> **Entries supplied**
==================================================
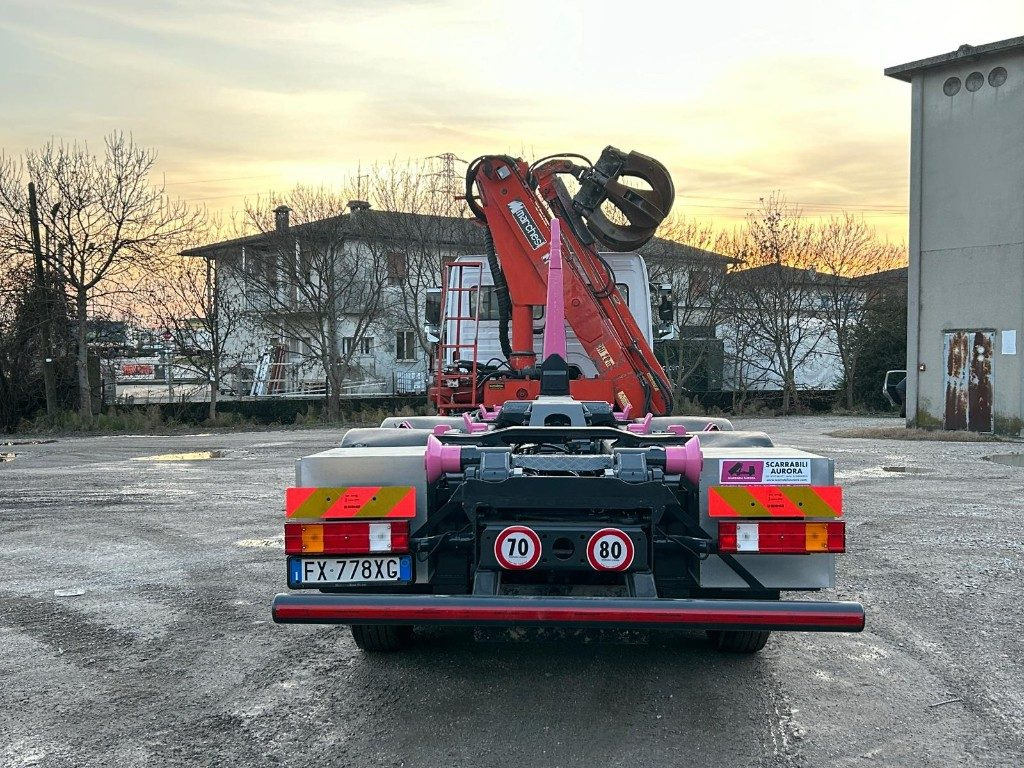 MERCEDES-BENZ MERCEDES AXOR 2533 SCARRABILE CON GRU E POLIPO - Horgos rakodó teherautó: 4 kép. MERCEDES-BENZ MERCEDES AXOR 2533 SCARRABILE CON GRU E POLIPO - Horgos rakodó teherautó: 4 kép.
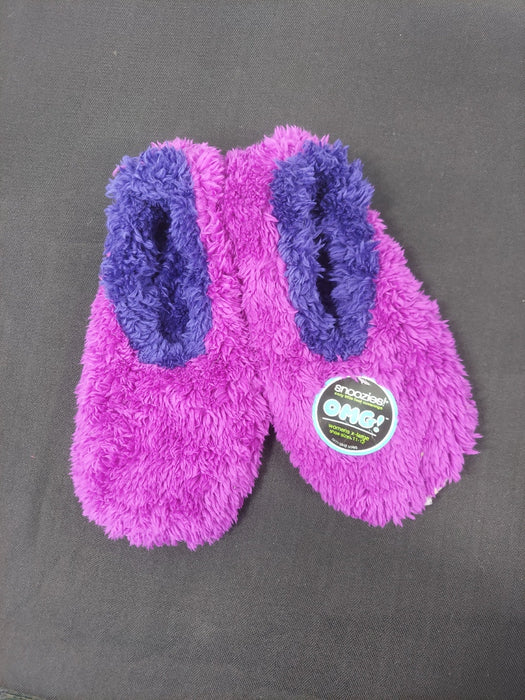 Snoozies Slippers - Light Purple and Dark Purple XL 11/12
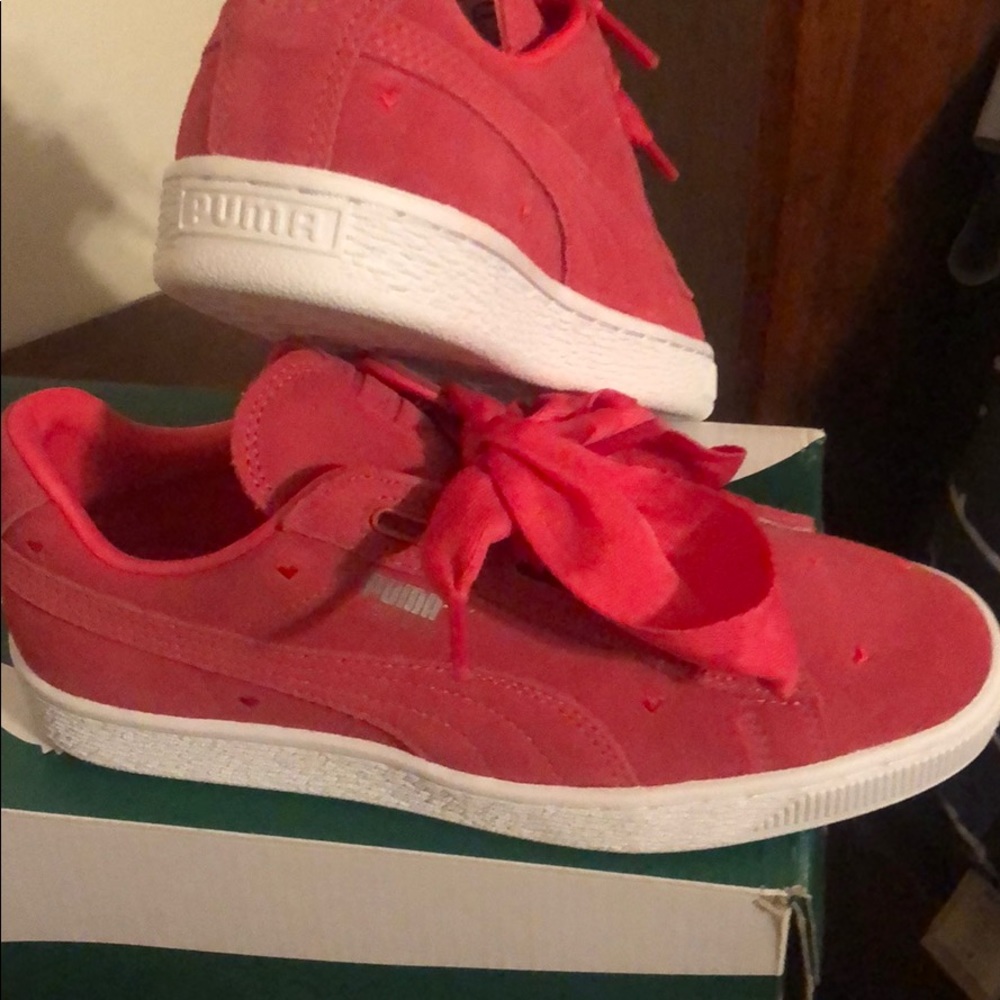 Puma Suede Heart Valentine Jr.- Pink Sz 5.5 NIB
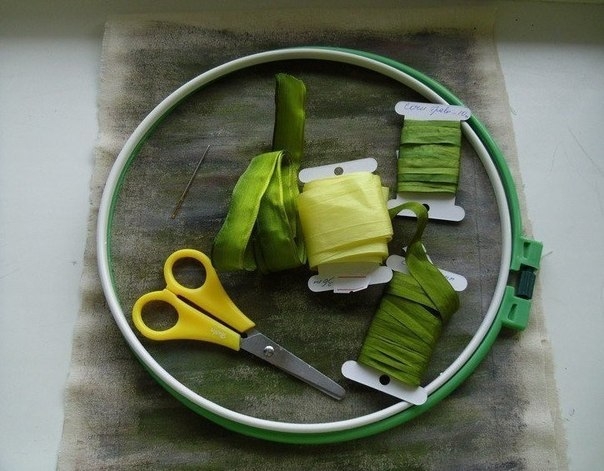 Вышиваем нарциссы лентами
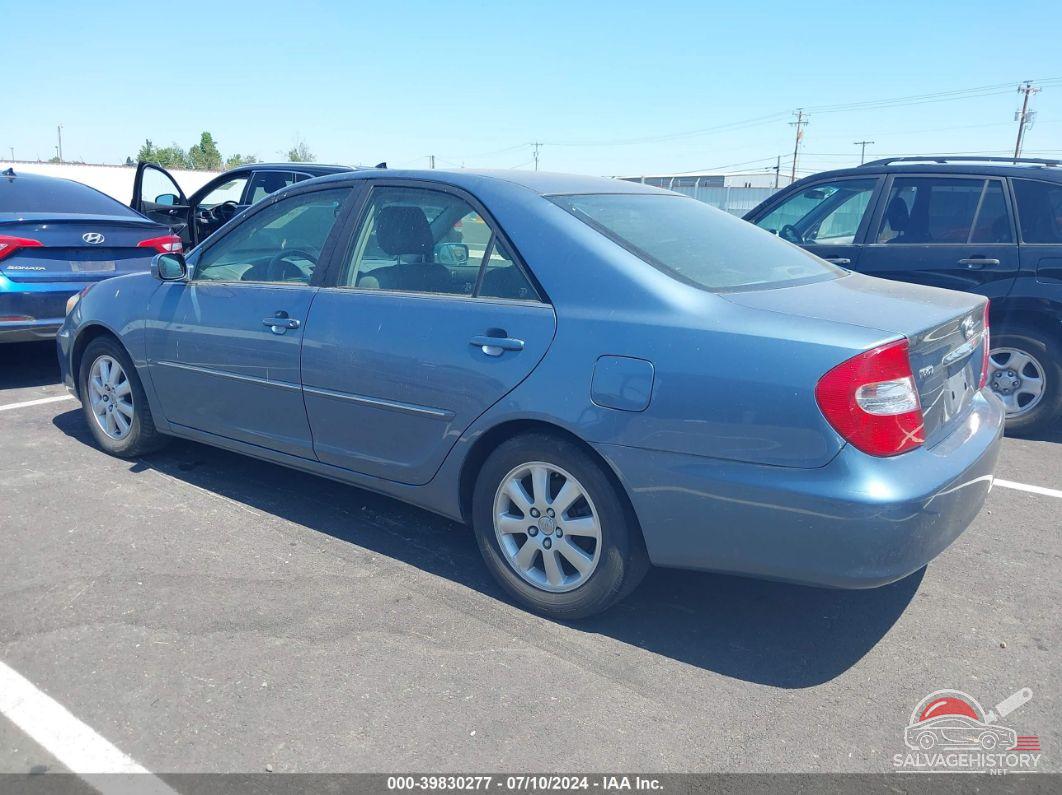 JTDBF30KX20002044 2002 TOYOTA CAMRY photo no. 3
==================================================
> **What is expected**
Copy the listing above verbatim; the pictures it contains are to stay out.

> **Response box**
 MERCEDES-BENZ MERCEDES AXOR 2533 SCARRABILE CON GRU E POLIPO - Horgos rakodó teherautó: 4 kép. MERCEDES-BENZ MERCEDES AXOR 2533 SCARRABILE CON GRU E POLIPO - Horgos rakodó teherautó: 4 kép.
 Snoozies Slippers - Light Purple and Dark Purple XL 11/12
 Puma Suede Heart Valentine Jr.- Pink Sz 5.5 NIB
 Вышиваем нарциссы лентами
 JTDBF30KX20002044 2002 TOYOTA CAMRY photo no. 3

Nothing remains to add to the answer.